[[ Study material open ]]

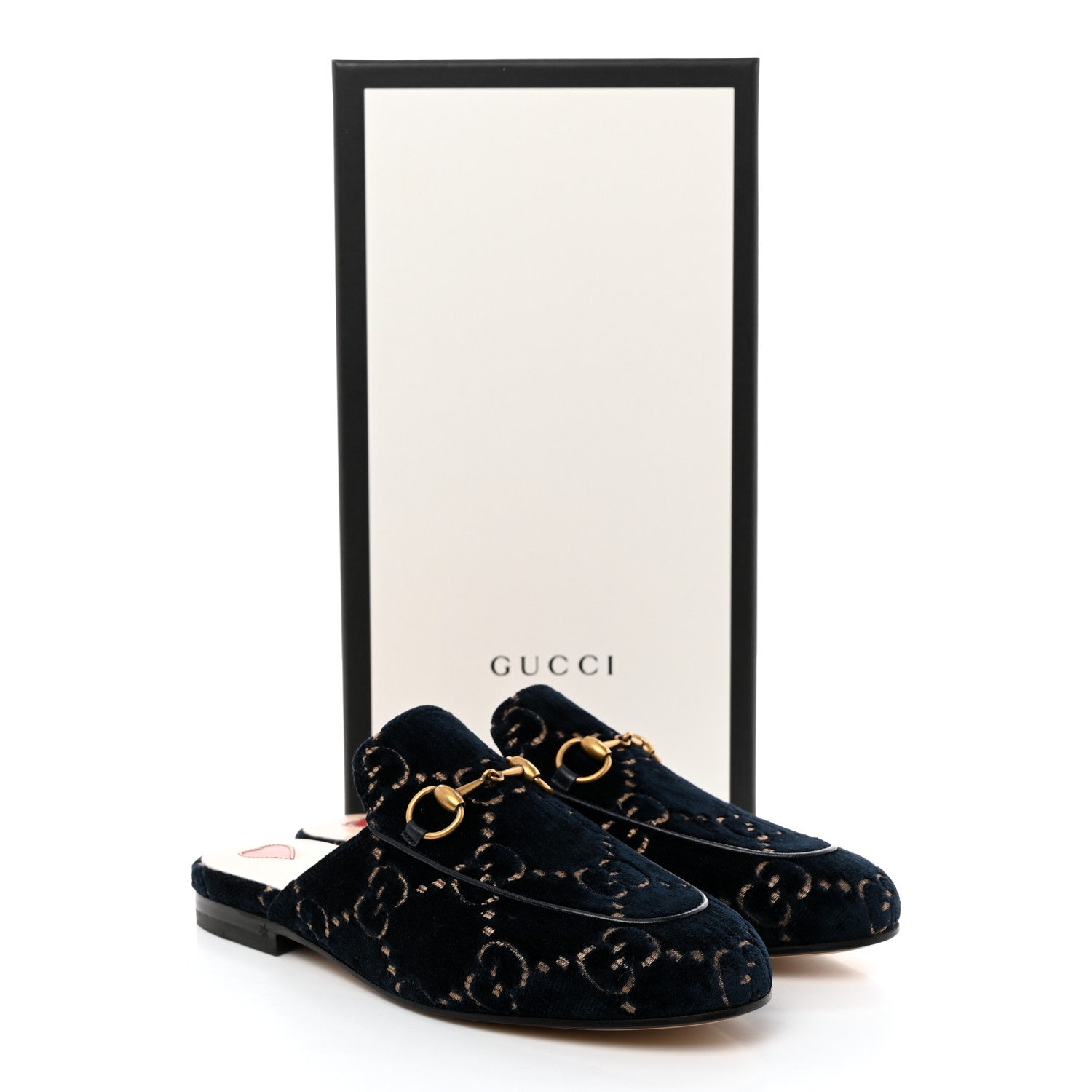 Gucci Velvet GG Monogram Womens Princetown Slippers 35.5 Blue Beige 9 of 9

[[ Study material closed ]]
[[ Study material open ]]

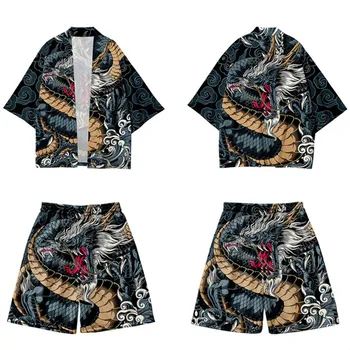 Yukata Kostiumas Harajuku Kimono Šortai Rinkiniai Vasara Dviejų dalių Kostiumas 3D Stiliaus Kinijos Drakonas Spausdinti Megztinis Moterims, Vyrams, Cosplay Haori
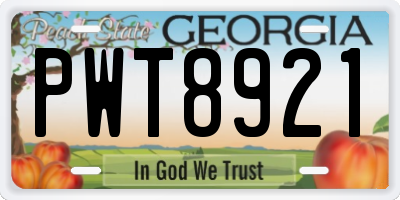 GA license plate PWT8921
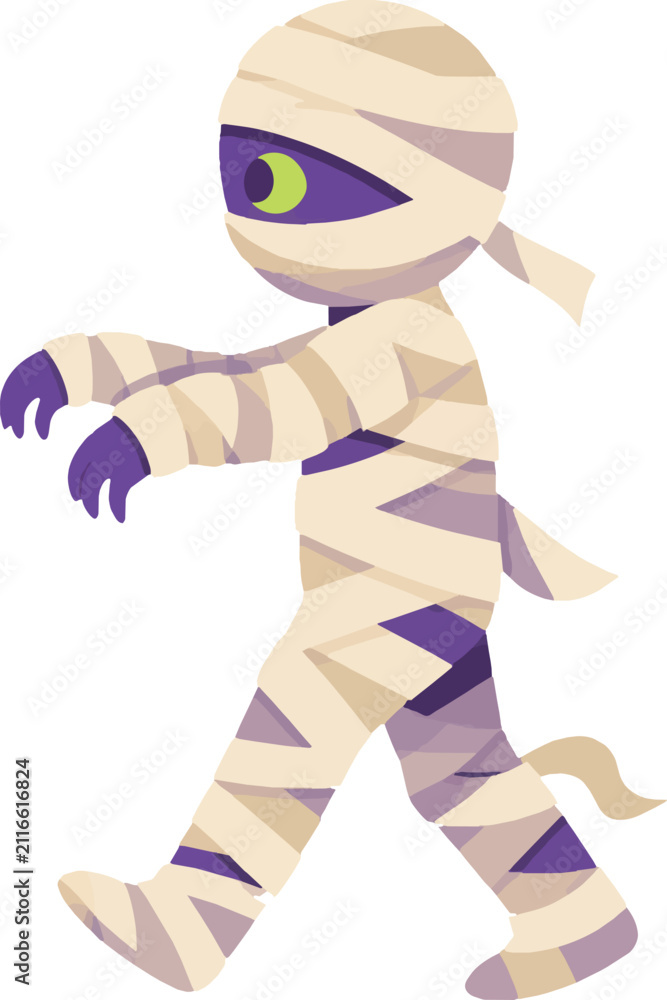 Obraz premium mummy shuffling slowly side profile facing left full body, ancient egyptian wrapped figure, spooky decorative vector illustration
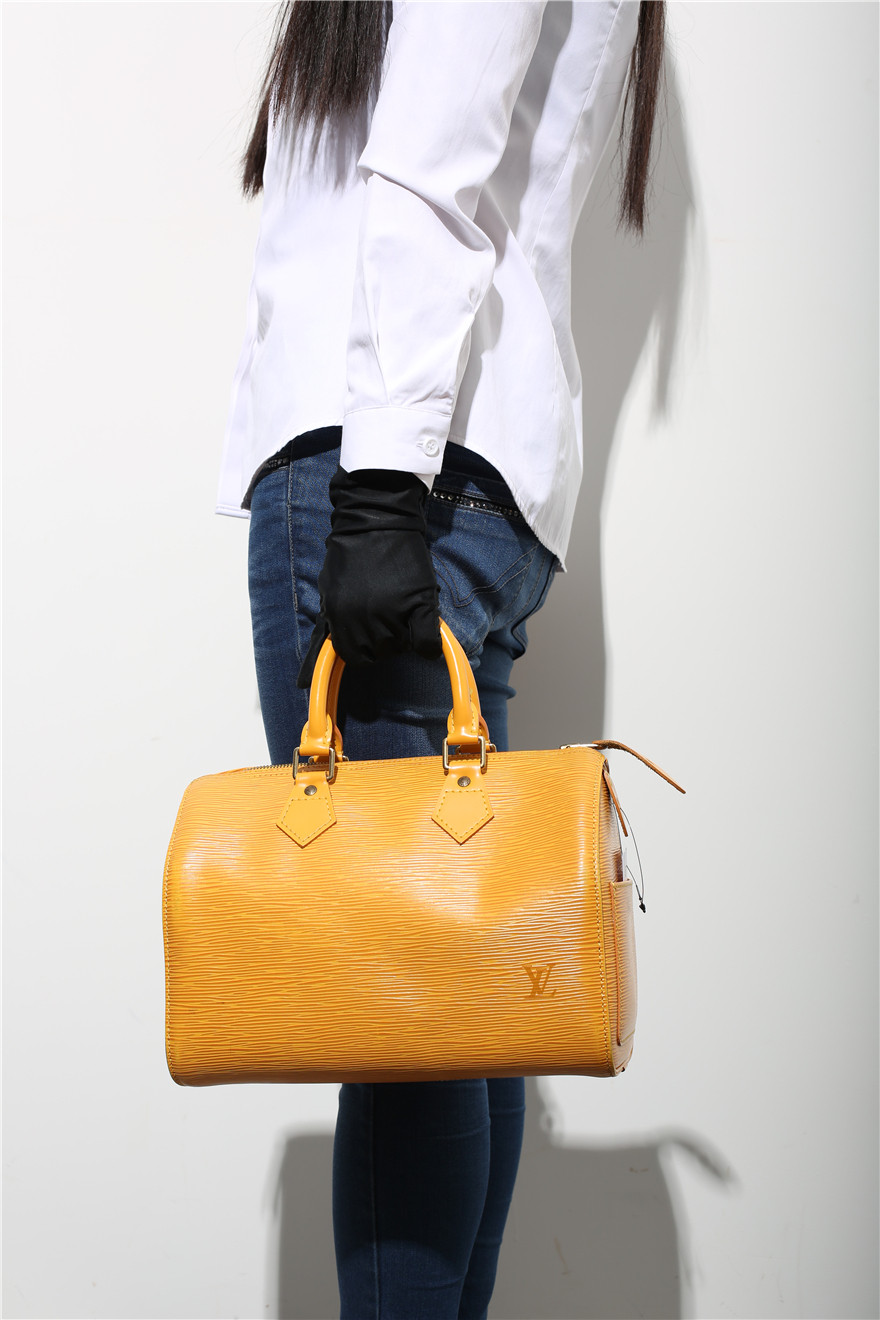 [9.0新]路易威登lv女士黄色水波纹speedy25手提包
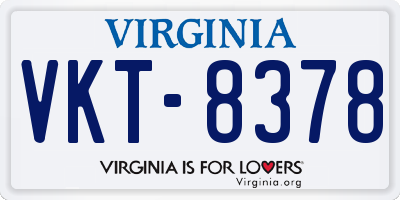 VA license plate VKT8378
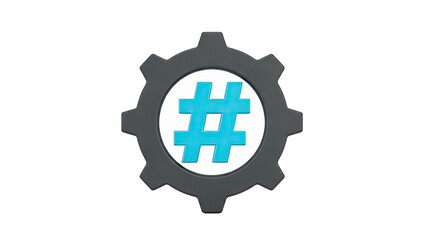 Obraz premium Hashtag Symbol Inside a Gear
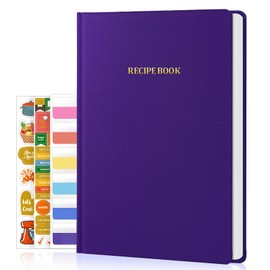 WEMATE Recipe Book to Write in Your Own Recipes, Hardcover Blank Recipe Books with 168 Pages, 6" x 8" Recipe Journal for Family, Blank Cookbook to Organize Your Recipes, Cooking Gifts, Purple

[[ Study material closed ]]

** What the task asks **
Above are the records; restate exactly the lines from the one containing "Obraz premium Hashtag Symbol Inside a Gear" through the one containing "WEMATE Recipe Book", keeping pictures out.

** Answer below **
 Obraz premium Hashtag Symbol Inside a Gear
 WEMATE Recipe Book to Write in Your Own Recipes, Hardcover Blank Recipe Books with 168 Pages, 6" x 8" Recipe Journal for Family, Blank Cookbook to Organize Your Recipes, Cooking Gifts, Purple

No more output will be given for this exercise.